• [WHAT YOU SHOULD DO] Among the records that follow, find the line with "Pink long-sleeve shirt" and the line with "a hotel room". Set down those lines and all lines between them exactly, without adding anything.

• [SUPPLIED ENTRIES]
========================================================================

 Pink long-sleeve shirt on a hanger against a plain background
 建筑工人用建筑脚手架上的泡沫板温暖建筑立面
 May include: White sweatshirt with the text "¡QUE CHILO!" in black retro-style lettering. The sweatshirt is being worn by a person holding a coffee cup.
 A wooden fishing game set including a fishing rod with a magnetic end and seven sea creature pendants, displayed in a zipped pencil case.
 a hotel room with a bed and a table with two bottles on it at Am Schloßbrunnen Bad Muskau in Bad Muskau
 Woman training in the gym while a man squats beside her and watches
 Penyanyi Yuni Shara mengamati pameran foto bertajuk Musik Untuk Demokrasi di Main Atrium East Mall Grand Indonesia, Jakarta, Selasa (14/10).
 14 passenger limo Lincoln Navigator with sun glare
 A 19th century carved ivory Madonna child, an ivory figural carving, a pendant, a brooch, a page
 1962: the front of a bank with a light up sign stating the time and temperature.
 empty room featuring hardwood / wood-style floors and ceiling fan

========================================================================

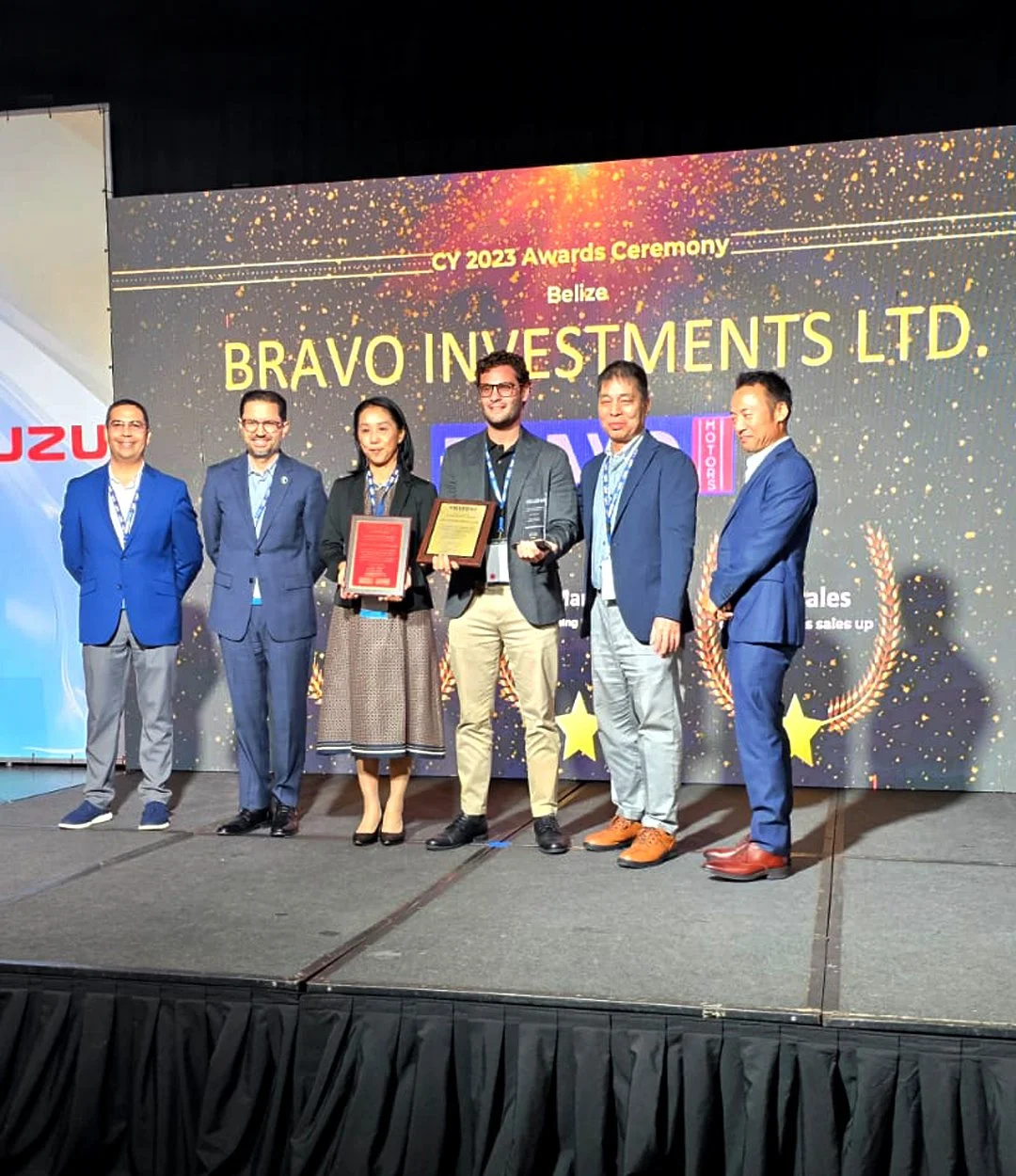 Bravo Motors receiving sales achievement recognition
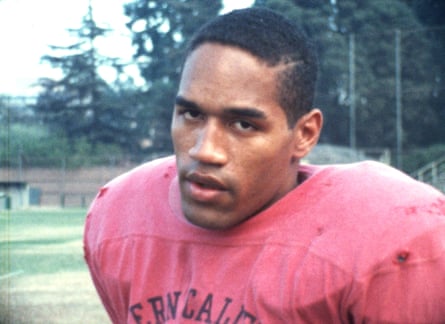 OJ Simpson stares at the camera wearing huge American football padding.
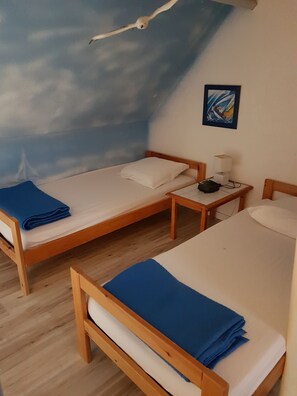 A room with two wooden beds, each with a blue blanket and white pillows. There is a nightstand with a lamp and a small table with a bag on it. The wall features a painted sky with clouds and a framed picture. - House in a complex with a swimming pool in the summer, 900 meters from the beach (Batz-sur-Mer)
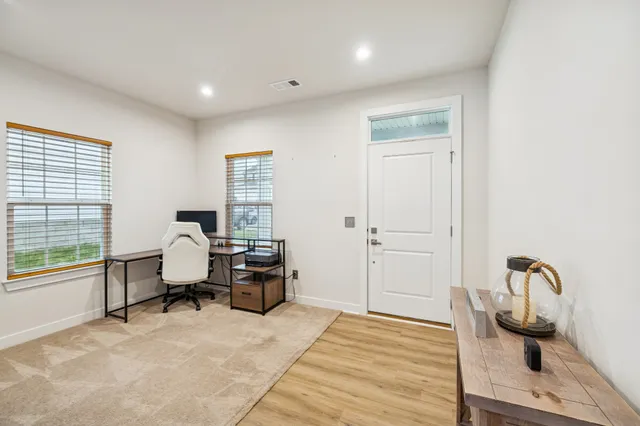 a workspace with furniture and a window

========================================================================

• [RESPONSE BELOW]
 Pink long-sleeve shirt on a hanger against a plain background
 建筑工人用建筑脚手架上的泡沫板温暖建筑立面
 May include: White sweatshirt with the text "¡QUE CHILO!" in black retro-style lettering. The sweatshirt is being worn by a person holding a coffee cup.
 A wooden fishing game set including a fishing rod with a magnetic end and seven sea creature pendants, displayed in a zipped pencil case.
 a hotel room with a bed and a table with two bottles on it at Am Schloßbrunnen Bad Muskau in Bad Muskau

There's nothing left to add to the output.